Even a Democrat who understands the border, who will say "open borders" out loud, who watched his own party's policy implode in real time, still ends up in the same place: enforcement has gone "too far." The wall is unnecessary because "the numbers have gone down." ICE should focus only on criminals, a standard that conveniently exempts the vast majority of illegal immigrants from any consequences at all.

This is the Democrat Party's permanent equilibrium on immigration. Acknowledge the problem just enough to maintain credibility, then oppose every meaningful tool to solve it. Border walls work, which is why the numbers went down, which is somehow the argument for not building them. ICE enforcement disrupts illegal labor markets, which is the point, which is somehow the argument against it.

The feedback loop is seamless. Enforce the law, and it's too aggressive. Don't enforce it, and the problem will eventually become undeniable. Acknowledge the problem, then argue that the solution is worse than the disease. Repeat.

What voters actually said

Cuellar's opening admission is the part his party should pay the most attention to and almost certainly won't. Voters rejected open borders. They didn't reject it in the abstract or in polling. They rejected it at the ballot box. That wasn't a messaging failure. It was a policy failure.

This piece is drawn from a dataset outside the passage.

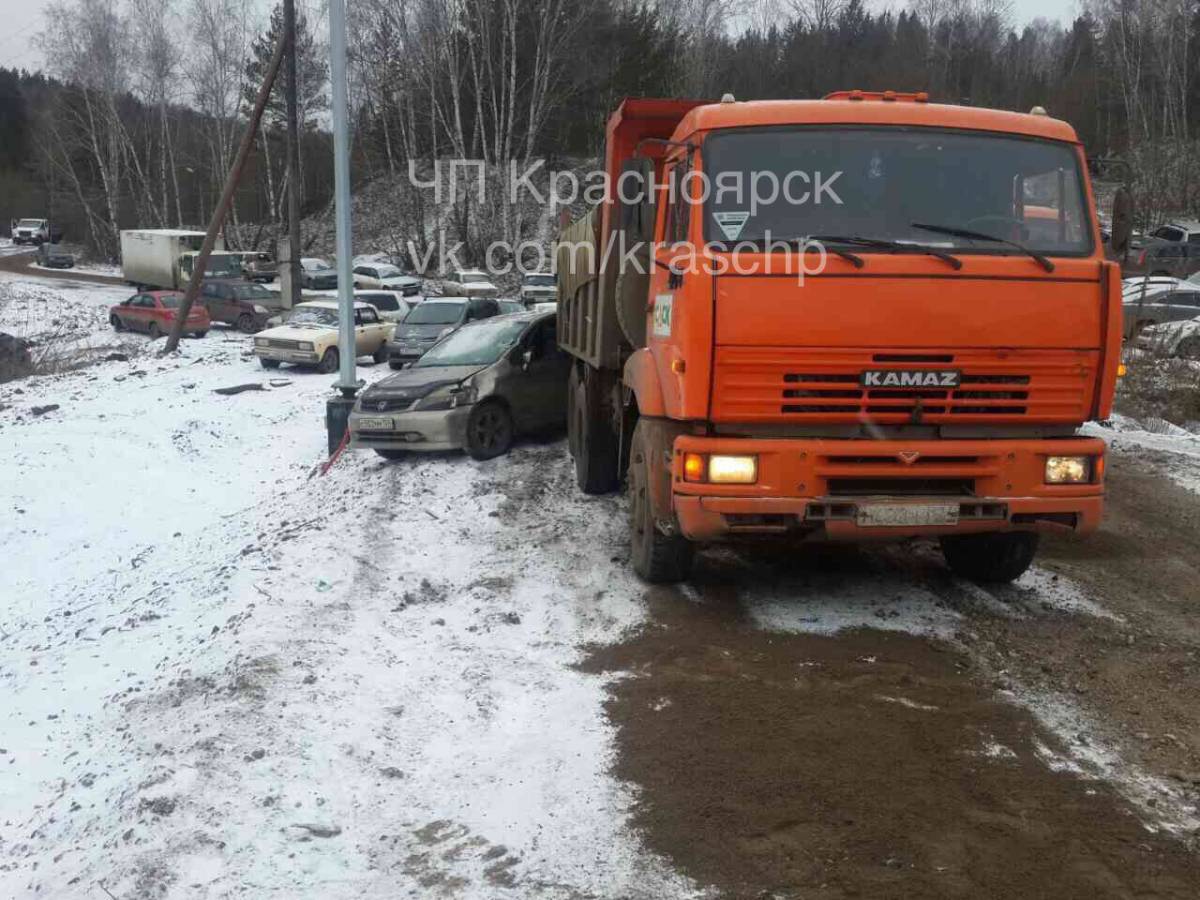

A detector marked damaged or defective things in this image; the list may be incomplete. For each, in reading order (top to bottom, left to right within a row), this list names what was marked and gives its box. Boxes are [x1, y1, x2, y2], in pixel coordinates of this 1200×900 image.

damaged silver minivan [350, 312, 568, 465]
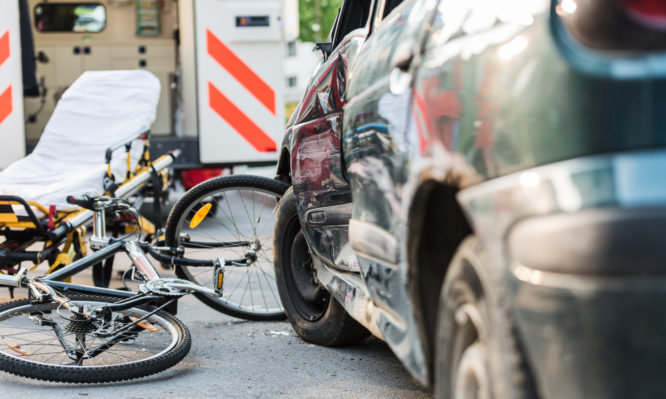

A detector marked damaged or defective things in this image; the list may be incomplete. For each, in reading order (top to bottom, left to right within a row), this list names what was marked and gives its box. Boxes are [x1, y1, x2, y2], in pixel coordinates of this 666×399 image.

damaged car [272, 0, 664, 398]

The suggestion that those same voters are now horrified by worksite enforcement and border wall construction requires a level of faith in Democratic polling that recent elections have not rewarded. Voters in South Texas, the very district Cuellar represents, have been trending away from Democrats precisely because they watched the open border crisis unfold in their communities and watched their elected officials describe it as something other than what it was.

Cuellar can read the room well enough to say "open borders" on television. He just can't bring himself to support what comes after admitting it.

That's the gap between a border moderate and someone who actually wants to fix the border. One describes the fire. The other lets you use the hose.